When I returned home from the War With The Army (otherwise known as the fifth grade spent at military school) I began more conflicts than I had ever encountered in my 11 previous years.

My town was a One Town. There was one of everything. One Baptist Church, one Methodist, one Episcopal and so on. Most people went to either the Methodist one or the Baptist one, and they were only a block apart. I was adventurous. Since I had a parent at each church, I managed to take in both flavors of Jesus. Sometimes during the same service. I would listen to the music at one and then scramble down the street and catch the choir and the final hymn at the other one, especially if Mama was playing the organ.

And the same process was repeated on Sunday night. I would go to Youth Fellowship at the Methodist Church and then go sit on the front row of the Baptist Church and watch Mama making it with the Hammond organ. Oddly enough, Daddy managed to miss all of this church-going back and forth. He stayed home with Ed Sullivan, Jack Benny and Guy Lombardo.

Returning home after the fifth grade I re-enrolled in both Sunday and Grammar School in the Sixth Grade. I came home from school on the first day and said, “Mama, Miss E is my teacher.” And I came home on Sunday and said, “Mama, Miss E is my Sunday School teacher.” Mama gave me one of those looks and said, “That’s too much Miss E.”

Let me tell you about this sixth grade woman. She was what they called a spinster or, as Clare Booth Luce puts it, “What nature abhors, an old maid., a frozen asset” She was stern, strict and hateful, both at Grammar and Sunday events. Miss E. was that “word that is not used in polite society outside of a kennel.”

She despised me from the moment I walked into her class. Oh, I was precocious to the max, probably obnoxious, actually. And I’m sure I gave her nothing but fits at all times.

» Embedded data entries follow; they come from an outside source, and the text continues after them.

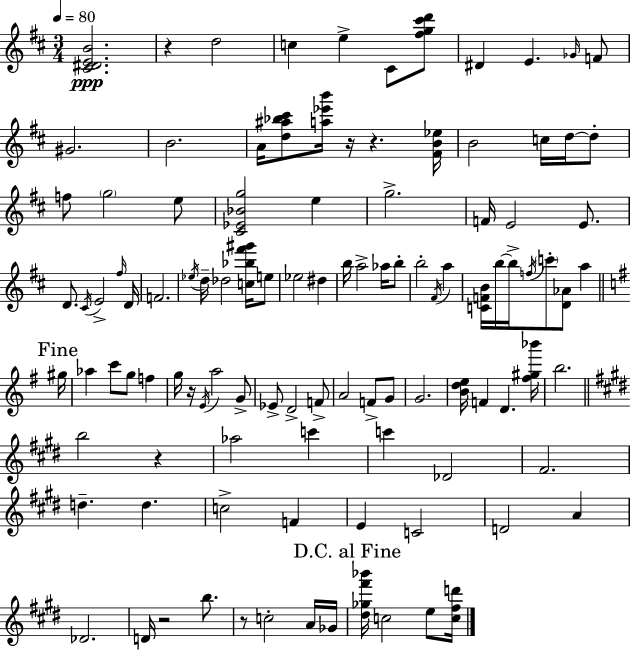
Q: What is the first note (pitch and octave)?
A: D5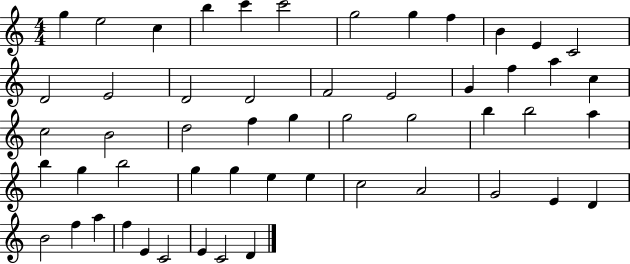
{
  \clef treble
  \numericTimeSignature
  \time 4/4
  \key c \major
  g''4 e''2 c''4 | b''4 c'''4 c'''2 | g''2 g''4 f''4 | b'4 e'4 c'2 | \break d'2 e'2 | d'2 d'2 | f'2 e'2 | g'4 f''4 a''4 c''4 | \break c''2 b'2 | d''2 f''4 g''4 | g''2 g''2 | b''4 b''2 a''4 | \break b''4 g''4 b''2 | g''4 g''4 e''4 e''4 | c''2 a'2 | g'2 e'4 d'4 | \break b'2 f''4 a''4 | f''4 e'4 c'2 | e'4 c'2 d'4 | \bar "|."
}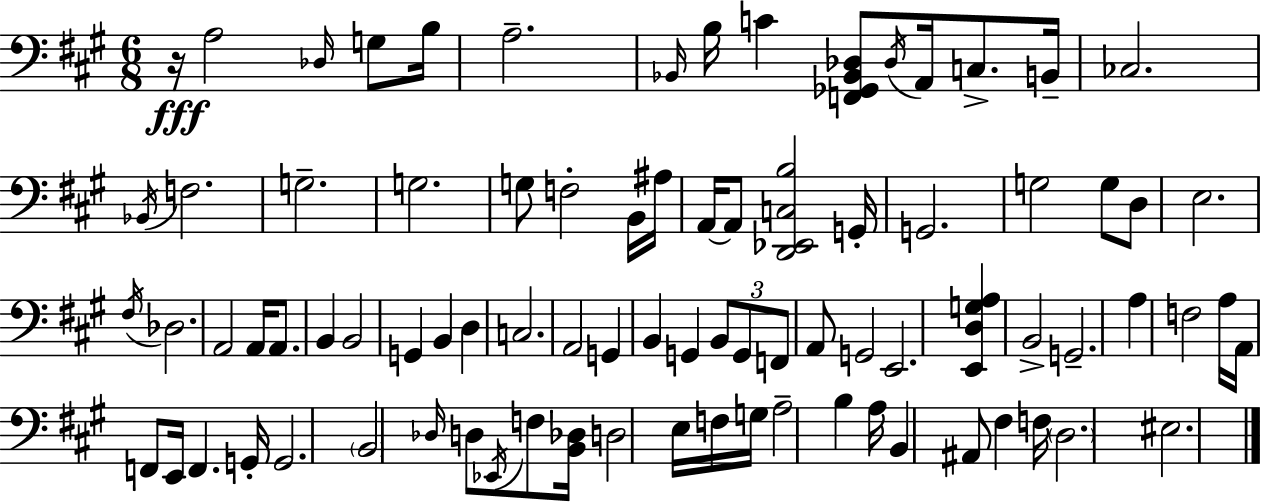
R/s A3/h Db3/s G3/e B3/s A3/h. Bb2/s B3/s C4/q [F2,Gb2,Bb2,Db3]/e Db3/s A2/s C3/e. B2/s CES3/h. Bb2/s F3/h. G3/h. G3/h. G3/e F3/h B2/s A#3/s A2/s A2/e [D2,Eb2,C3,B3]/h G2/s G2/h. G3/h G3/e D3/e E3/h. F#3/s Db3/h. A2/h A2/s A2/e. B2/q B2/h G2/q B2/q D3/q C3/h. A2/h G2/q B2/q G2/q B2/e G2/e F2/e A2/e G2/h E2/h. [E2,D3,G3,A3]/q B2/h G2/h. A3/q F3/h A3/s A2/s F2/e E2/s F2/q. G2/s G2/h. B2/h Db3/s D3/e Eb2/s F3/e [B2,Db3]/s D3/h E3/s F3/s G3/s A3/h B3/q A3/s B2/q A#2/e F#3/q F3/s D3/h. EIS3/h.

Her idea of punishment for misdeeds was to have you write something thousands of times. My something was always the phrase “be quiet”. And I probably wrote those two words 60,000 times that year.

Everything was regimented in her class right down to where you put your pencil on your desk. And she constantly checked to see that all objects were in their place. She had a grade book where she kept a constant record of every infraction of the rules. Your name was on the left side of the page and there was a box to the right for every day in the school year. She would sit at her desk and look up and down the aisles to see if you of some offense and if you had erred and strayed (like lost sheep) from her norm she would put a black dot by your name. But she would look over the rims of her glasses at you, put the tip of her pencil on her tongue and make certain that you saw she was putting the dot by your name. And that dot was a passport to hell fire.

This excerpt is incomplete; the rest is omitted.